> [Required action]
Return the run of lines below that opens with the line containing "UK England, Dorset, Abbotsbury, Sub-tropische" and closes with the line containing "Young coffee tree", keeping each one exact.

Excerpts from a dataset
******************************

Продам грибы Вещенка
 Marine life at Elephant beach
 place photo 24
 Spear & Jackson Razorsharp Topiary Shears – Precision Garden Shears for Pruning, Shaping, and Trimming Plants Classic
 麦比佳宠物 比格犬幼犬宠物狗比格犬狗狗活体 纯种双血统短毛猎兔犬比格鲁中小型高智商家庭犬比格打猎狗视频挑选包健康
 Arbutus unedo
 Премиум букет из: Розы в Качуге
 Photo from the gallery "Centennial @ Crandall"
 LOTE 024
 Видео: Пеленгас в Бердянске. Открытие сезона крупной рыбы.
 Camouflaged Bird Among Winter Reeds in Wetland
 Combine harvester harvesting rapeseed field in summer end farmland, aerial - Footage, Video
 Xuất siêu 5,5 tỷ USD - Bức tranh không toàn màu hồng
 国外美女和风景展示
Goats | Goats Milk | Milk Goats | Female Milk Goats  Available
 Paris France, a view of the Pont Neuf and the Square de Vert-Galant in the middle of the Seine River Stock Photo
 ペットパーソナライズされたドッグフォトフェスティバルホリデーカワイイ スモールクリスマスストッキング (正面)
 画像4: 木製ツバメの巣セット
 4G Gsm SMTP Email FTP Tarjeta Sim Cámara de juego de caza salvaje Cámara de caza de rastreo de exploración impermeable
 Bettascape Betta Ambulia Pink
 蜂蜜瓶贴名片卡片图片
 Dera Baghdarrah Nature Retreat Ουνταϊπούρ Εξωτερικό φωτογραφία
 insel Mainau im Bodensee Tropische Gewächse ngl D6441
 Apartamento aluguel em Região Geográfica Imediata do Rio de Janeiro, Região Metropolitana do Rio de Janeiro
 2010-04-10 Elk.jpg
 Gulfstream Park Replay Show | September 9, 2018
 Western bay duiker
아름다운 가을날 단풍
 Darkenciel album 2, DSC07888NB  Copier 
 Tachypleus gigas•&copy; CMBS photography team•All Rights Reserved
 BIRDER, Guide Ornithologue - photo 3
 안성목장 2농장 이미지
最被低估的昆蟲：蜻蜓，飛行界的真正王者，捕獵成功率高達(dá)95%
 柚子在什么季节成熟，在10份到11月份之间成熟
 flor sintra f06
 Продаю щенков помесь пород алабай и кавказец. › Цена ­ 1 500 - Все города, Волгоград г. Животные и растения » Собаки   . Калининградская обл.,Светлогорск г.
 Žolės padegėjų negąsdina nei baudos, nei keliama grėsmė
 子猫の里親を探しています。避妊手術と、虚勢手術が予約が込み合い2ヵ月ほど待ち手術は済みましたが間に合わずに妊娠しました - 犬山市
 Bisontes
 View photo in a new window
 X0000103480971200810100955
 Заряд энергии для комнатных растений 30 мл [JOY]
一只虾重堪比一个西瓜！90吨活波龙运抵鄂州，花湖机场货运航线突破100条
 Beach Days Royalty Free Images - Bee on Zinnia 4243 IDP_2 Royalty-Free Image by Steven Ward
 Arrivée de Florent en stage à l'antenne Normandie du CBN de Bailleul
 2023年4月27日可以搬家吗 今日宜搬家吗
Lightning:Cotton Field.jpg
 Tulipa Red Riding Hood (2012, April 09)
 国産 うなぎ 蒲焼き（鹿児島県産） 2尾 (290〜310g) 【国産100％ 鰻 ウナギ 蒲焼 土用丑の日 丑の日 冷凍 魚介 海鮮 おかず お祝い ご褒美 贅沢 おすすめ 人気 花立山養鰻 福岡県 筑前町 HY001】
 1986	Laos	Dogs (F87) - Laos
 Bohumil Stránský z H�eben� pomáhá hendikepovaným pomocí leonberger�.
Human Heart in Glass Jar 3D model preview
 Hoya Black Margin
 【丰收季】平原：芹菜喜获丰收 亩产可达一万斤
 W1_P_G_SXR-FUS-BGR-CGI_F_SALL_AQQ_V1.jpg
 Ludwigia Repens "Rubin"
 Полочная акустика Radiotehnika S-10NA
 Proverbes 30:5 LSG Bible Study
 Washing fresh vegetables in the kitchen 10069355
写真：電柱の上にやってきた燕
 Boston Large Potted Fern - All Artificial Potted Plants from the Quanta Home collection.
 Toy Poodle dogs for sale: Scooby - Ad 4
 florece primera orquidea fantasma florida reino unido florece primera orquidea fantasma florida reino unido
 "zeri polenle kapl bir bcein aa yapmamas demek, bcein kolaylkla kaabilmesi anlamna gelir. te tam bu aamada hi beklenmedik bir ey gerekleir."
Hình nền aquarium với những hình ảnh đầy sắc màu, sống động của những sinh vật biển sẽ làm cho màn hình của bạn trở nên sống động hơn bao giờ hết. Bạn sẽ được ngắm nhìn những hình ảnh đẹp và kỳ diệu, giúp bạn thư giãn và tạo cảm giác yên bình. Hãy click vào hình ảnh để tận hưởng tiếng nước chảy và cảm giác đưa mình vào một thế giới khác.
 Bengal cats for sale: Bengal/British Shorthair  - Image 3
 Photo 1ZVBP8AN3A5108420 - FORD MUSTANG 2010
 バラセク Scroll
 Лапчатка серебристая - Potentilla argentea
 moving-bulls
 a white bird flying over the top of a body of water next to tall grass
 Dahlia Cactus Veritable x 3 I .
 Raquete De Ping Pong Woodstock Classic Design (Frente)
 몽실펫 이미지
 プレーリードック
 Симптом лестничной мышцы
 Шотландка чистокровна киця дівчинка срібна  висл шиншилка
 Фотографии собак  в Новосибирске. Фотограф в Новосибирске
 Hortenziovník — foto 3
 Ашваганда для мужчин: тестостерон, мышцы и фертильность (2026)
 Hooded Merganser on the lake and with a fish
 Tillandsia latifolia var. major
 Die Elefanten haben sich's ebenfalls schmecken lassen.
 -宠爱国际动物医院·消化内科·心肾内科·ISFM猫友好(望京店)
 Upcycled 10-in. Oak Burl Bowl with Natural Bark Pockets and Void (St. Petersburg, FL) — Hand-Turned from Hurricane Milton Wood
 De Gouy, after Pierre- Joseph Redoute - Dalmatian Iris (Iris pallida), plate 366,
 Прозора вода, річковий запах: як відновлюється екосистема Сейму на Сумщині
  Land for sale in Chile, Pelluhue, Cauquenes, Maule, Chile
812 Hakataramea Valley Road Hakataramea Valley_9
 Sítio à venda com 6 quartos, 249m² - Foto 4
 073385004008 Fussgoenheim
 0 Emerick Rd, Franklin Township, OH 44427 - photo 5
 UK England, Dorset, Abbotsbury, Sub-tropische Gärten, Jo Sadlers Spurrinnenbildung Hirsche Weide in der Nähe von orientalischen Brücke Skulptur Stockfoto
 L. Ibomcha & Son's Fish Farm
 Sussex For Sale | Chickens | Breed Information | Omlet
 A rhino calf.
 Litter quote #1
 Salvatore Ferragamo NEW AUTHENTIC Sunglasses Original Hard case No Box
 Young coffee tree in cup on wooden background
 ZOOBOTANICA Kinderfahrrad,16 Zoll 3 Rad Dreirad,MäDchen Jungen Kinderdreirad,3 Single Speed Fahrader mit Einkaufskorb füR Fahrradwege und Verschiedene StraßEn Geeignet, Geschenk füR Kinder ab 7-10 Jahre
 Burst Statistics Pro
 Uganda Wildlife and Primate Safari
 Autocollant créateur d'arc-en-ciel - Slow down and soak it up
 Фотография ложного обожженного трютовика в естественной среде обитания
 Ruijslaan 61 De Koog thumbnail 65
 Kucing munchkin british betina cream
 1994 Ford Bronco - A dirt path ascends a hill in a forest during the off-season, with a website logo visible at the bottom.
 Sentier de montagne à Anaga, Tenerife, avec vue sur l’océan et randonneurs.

******************************

> [Task solution]
 UK England, Dorset, Abbotsbury, Sub-tropische Gärten, Jo Sadlers Spurrinnenbildung Hirsche Weide in der Nähe von orientalischen Brücke Skulptur Stockfoto
 L. Ibomcha & Son's Fish Farm
 Sussex For Sale | Chickens | Breed Information | Omlet
 A rhino calf.
 Litter quote #1
 Salvatore Ferragamo NEW AUTHENTIC Sunglasses Original Hard case No Box
 Young coffee tree in cup on wooden background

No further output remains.